Comments on Ranking

The frequency-based ranking method used with CA-ED is simple, fast and was shown to produce useful macros. Part of its success is due to the combination with static pruning rules. In particular, limiting macro length to only two actions simplifies the problem of macro ranking and filtering.

However, in the general case, the savings that a macro can achieve depend not only on how often it occurs as part of a solution, but also on several other factors, which can interact. Examples of such factors include the number of search nodes that the application of a macro would save, and the ratio of useful instantiations of a macro (providing shortcuts towards a goal state) versus instantiations that guide the search into a wrong direction. See the work of McCluskey and Porteous [21] for more details on factors that determine the performance of macro-operators in AI planning.

The reason why we have extended our approach from frequency-based ranking to gradient-descent ranking is that integrating such factors as above into a ranking method is expected to produce more accurate results.

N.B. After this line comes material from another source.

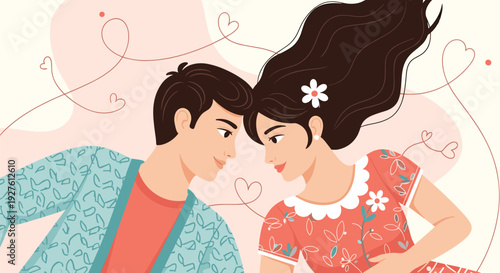 Romantic flat illustration of a loving young couple lying down together and gazing affectionately into each other's eyes.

Compared to frequency-based ranking, gradient-descent ranking measures the search performance of a macro more directly. To illustrate this, consider the solution plan in Figure 12. Table 2 shows the 5 distinct macro-operators extracted from this solution plan. For each macro, both the gradient-descent weight and the frequency-based weight are shown. In the latter case, the bonus points are ignored, since they do not affect the ranking (all macros will receive the same amount of bonus points for being part of this solution plan). Each method produces a different ranking. For example, macro TAKE-IMAGE TURN-TO is ranked fourth with the gradient-descent method and second with the frequency-based method. The reason is that a macro such as TURN-TO CALIBRATE (or SWITCH-ON TURN-TO) saves more search nodes than TAKE-IMAGE TURN-TO, even though it appears less frequently in the solution.

Table 2: Macros generated in the Satellite example.

Macro	Weight	Occurrences
TURN-TO TAKE-IMAGE	0.999103	3
TURN-TO CALIBRATE	0.999103	1
SWITCH-ON TURN-TO	0.999103	1
TAKE-IMAGE TURN-TO	0.999401	2
CALIBRATE TURN-TO	0.999700	1

When compared to the simple and fast frequency-based method, gradient-descent ranking is more expensive. Each training problem has to be solved several times; once with no macros in use and once for each macro. As shown in Table 3 in Section 5, the training time can become an issue in domains such as PSR and Pipesworld Non-Temporal Tankage. Both ranking techniques ignore elements such as the interactions of several macros when used simultaneously, or the effects of macros on the quality of plans. See Section 5 for an evaluation of the latter.

Macro ranking is a difficult problem. The training data is often limited. In addition, factors such as frequency, number of search nodes that a macro would save, effects on solution quality, etc. have to be combined into a total ordering of a macro set. There is no clear best solution for this problem. For example, should we select a macro that speeds up planning but increases the solution length?